## [WHAT YOU WILL DO]
One part of the entries below is wanted: the lines from the one containing "How Live Wrestling" through the one containing "Televisor-Smar". Write those out exactly and nothing else.

## [SOURCE RECORDS]
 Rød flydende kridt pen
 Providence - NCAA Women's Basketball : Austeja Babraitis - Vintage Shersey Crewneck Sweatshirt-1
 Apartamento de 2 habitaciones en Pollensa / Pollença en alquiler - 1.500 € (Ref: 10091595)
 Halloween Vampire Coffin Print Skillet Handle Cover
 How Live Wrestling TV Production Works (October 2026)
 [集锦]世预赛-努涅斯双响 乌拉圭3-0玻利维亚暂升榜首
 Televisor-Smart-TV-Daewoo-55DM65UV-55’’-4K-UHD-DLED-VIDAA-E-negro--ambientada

* * *

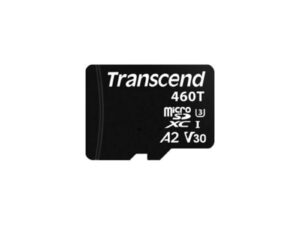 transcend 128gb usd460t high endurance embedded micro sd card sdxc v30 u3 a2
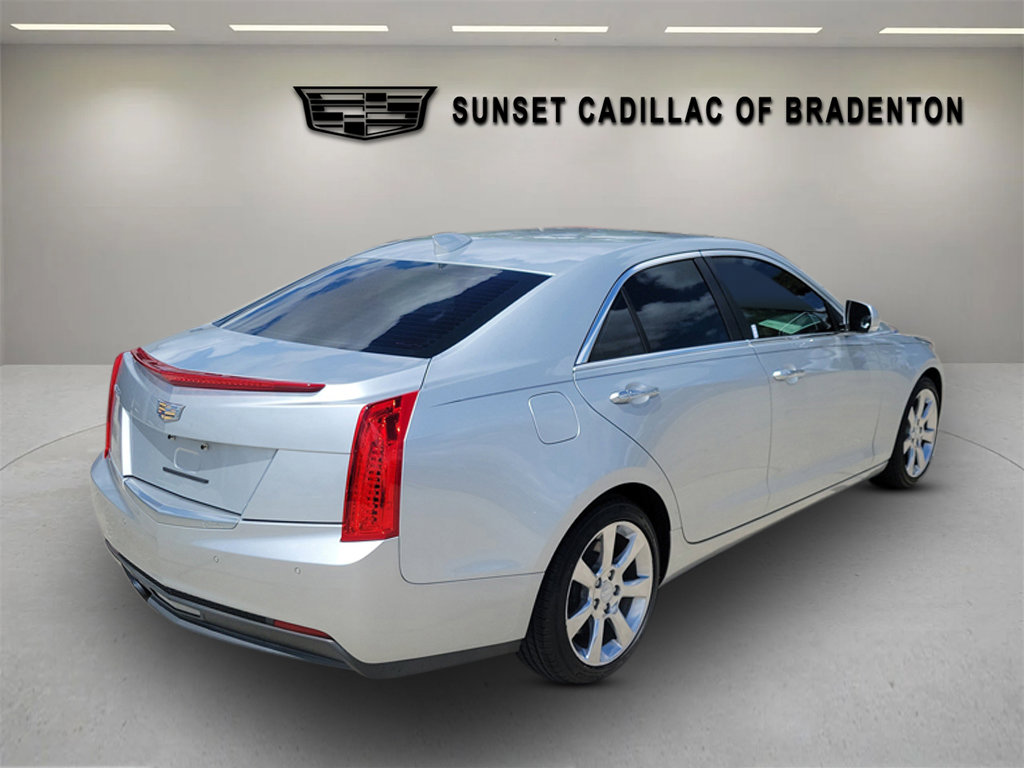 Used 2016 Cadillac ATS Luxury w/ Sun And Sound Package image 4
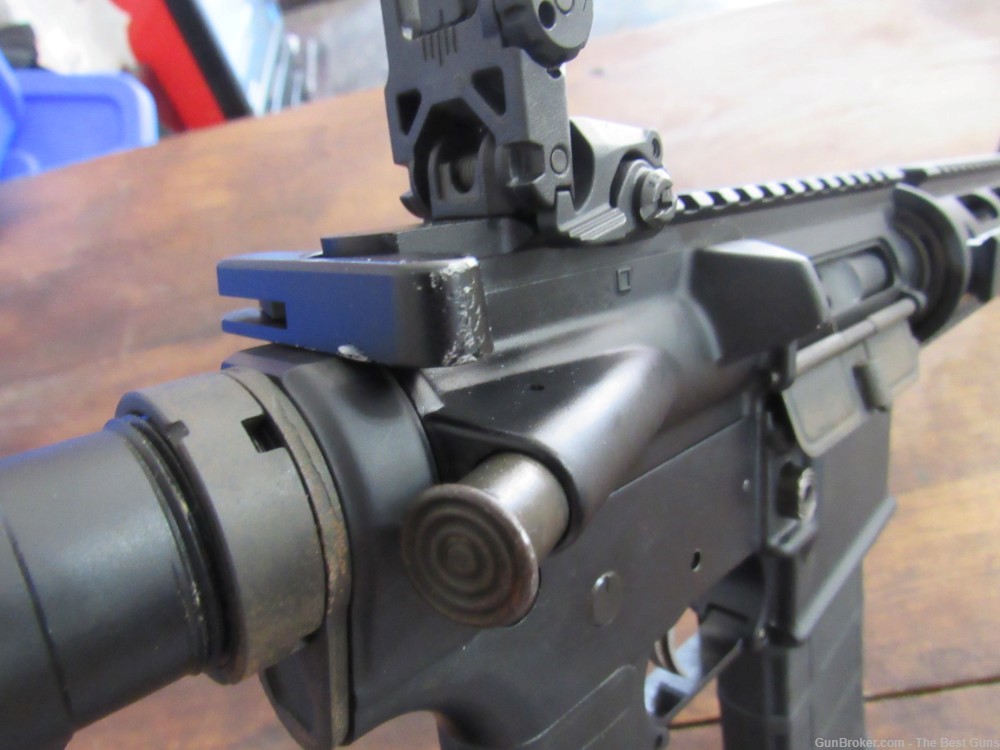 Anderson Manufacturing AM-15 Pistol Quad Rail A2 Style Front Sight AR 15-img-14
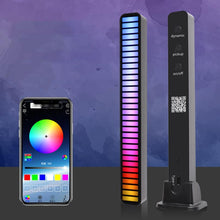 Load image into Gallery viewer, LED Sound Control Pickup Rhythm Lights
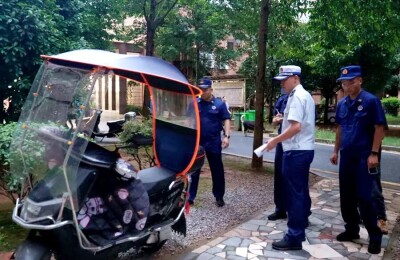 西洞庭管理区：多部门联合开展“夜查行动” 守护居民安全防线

--

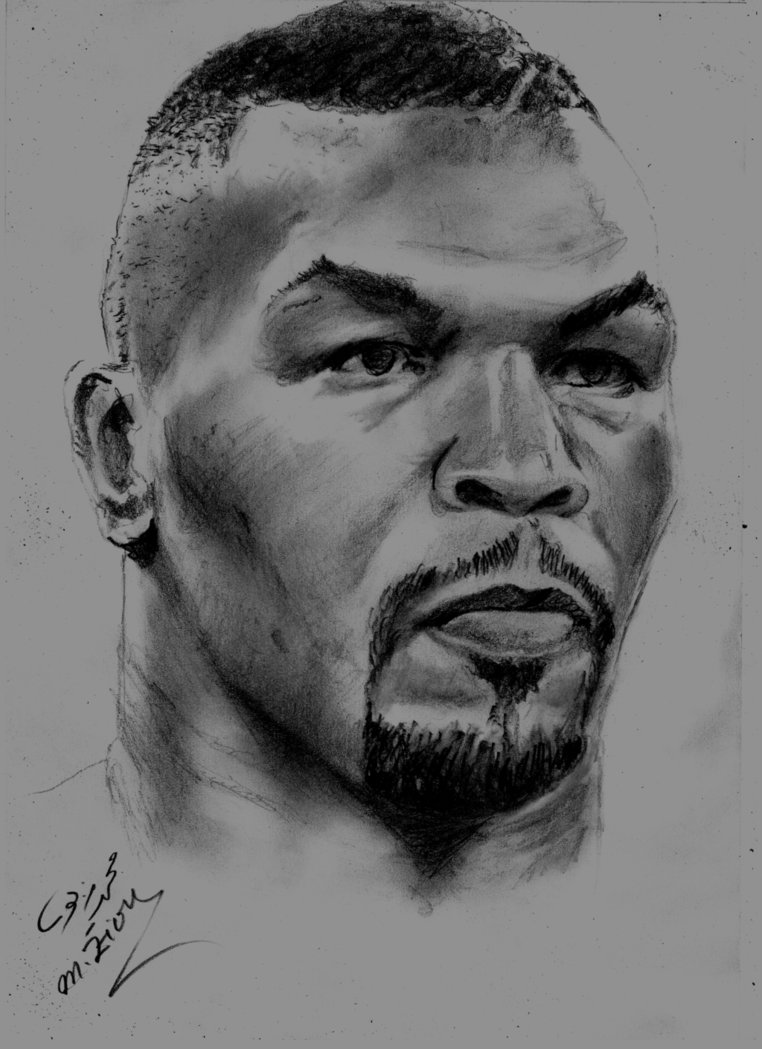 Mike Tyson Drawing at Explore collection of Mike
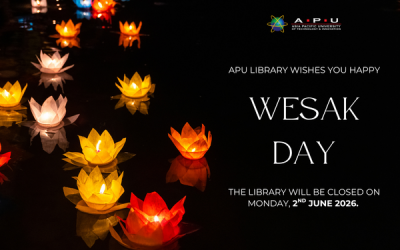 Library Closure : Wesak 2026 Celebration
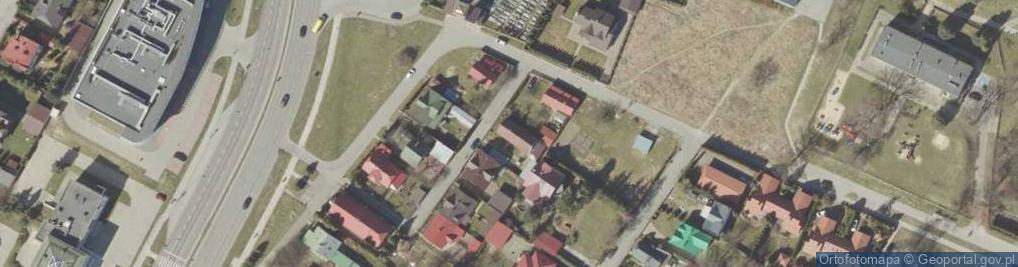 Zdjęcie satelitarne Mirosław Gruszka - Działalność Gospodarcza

## [RESPONSE FOR THIS EXERCISE]
 How Live Wrestling TV Production Works (October 2026)
 [集锦]世预赛-努涅斯双响 乌拉圭3-0玻利维亚暂升榜首
 Televisor-Smart-TV-Daewoo-55DM65UV-55’’-4K-UHD-DLED-VIDAA-E-negro--ambientada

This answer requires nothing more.